Contents:
polonaexplorer is a Python library designed to explore the Polona corpus - a Polish historical newspaper collection. It provides functionality to search for specific words within the corpus and extract relevant text data for further analysis or visualization.
Key Features
Search for target words in the Polona corpus
Extract text regions or complete pages containing target words
Generate structured dataframes for analysis
Perform topic modeling using BERTopic
Create interactive visualizations of topic distributions
Support for LLM-based topic naming
Getting Started
Installation
Install the package using pip:
pip install polonaexplorer
Or for development:
pip install -e .
Usage
The typical workflow has two stages: first, use PolonaExplorer
to find and extract text from the corpus, then use Plotter
to perform topic modeling and visualization.

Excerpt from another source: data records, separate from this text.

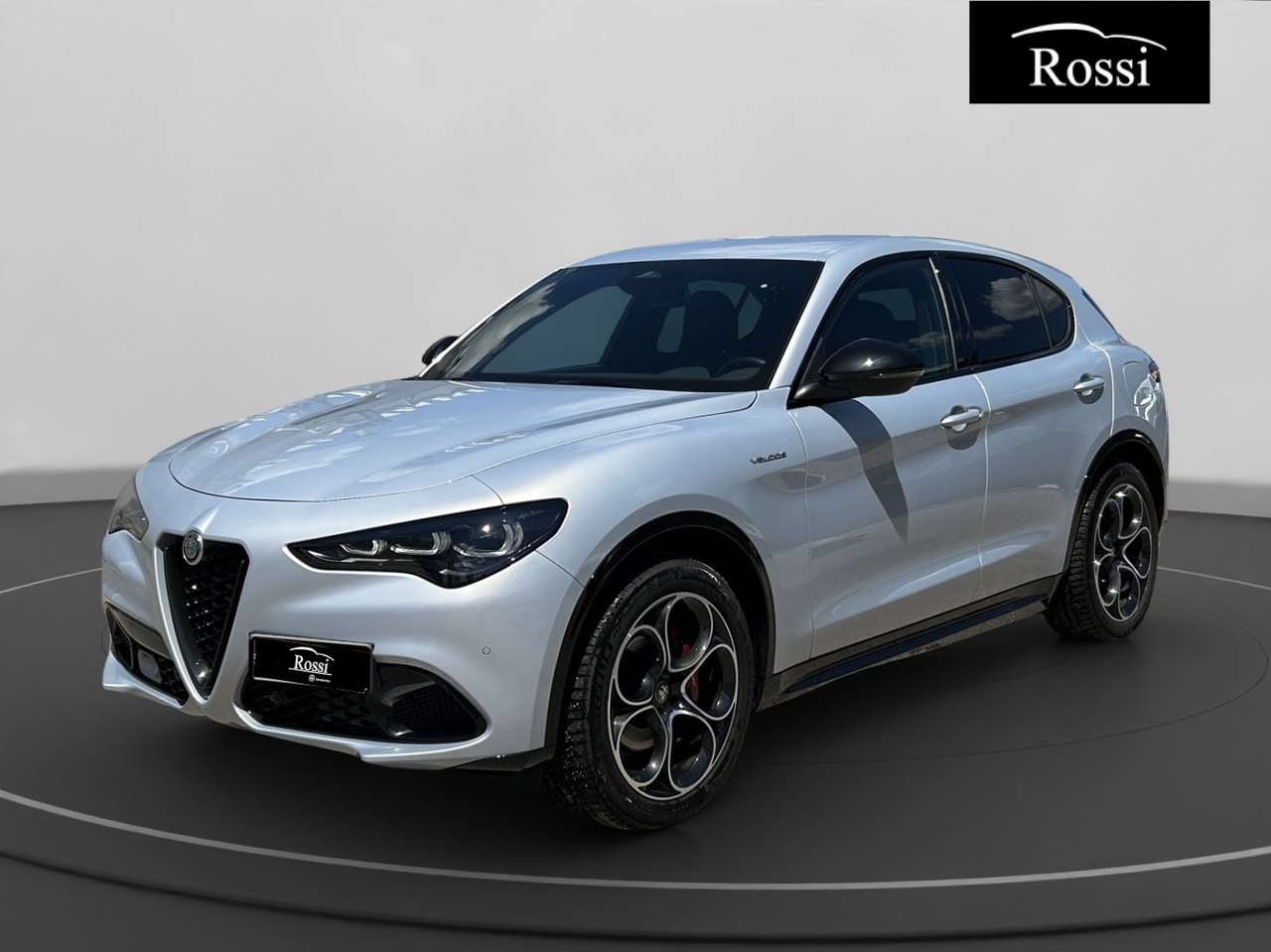 Stelvio 2023 – Stelvio 2.2 t Veloce Q4 210cv auto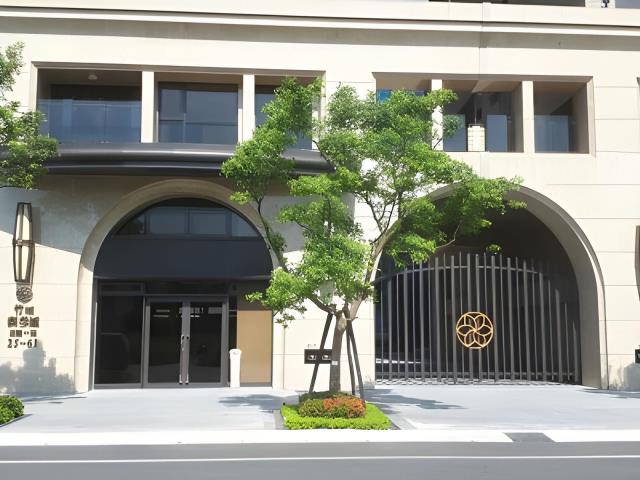桃園桃園區拍賣大樓-4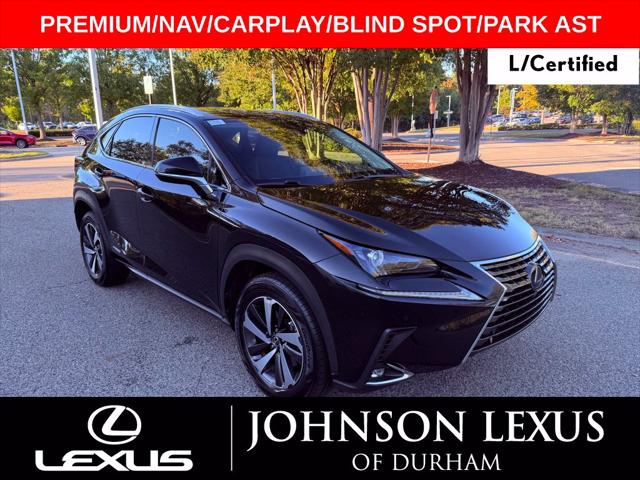 2020 Lexus NX 300h 300h for sale in Durham, NC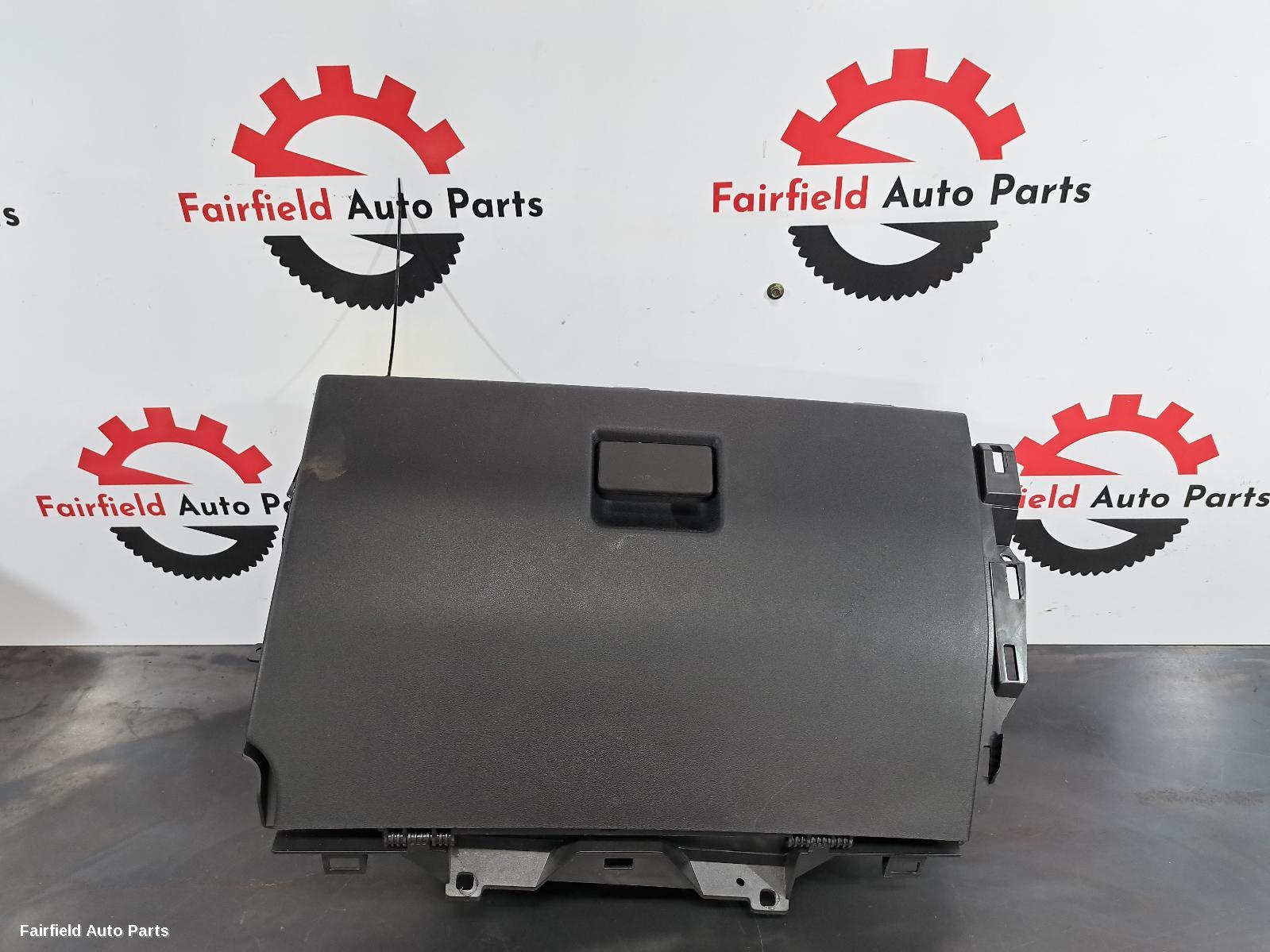 2015-2026 Land Rover Discovery Sport Glove Box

1. Initialize the explorer
Create a PolonaExplorer instance with the target words
you want to search for. The explorer automatically generates all morphological forms
of each word using the Morfeusz2 Polish morphological analyzer:
from polonaexplorer.explorer import PolonaExplorer
explorer = PolonaExplorer(
targetwords=["naród", "wolność"],
data_path="/path/to/polona2/corpus",
out_path="/path/to/output",
metadata_file_path="/path/to/metadata.json",
part="region", # or "page"
)
The part parameter controls the extraction mode:
"page": collects full page texts that contain at least one target word. Produces a CSV file listing matching file paths."region": extracts individual text regions (from PAGE XML) around each target word, plus per-word frequency statistics. Produces two JSON files (word_stats.jsonandword_surroundings.json).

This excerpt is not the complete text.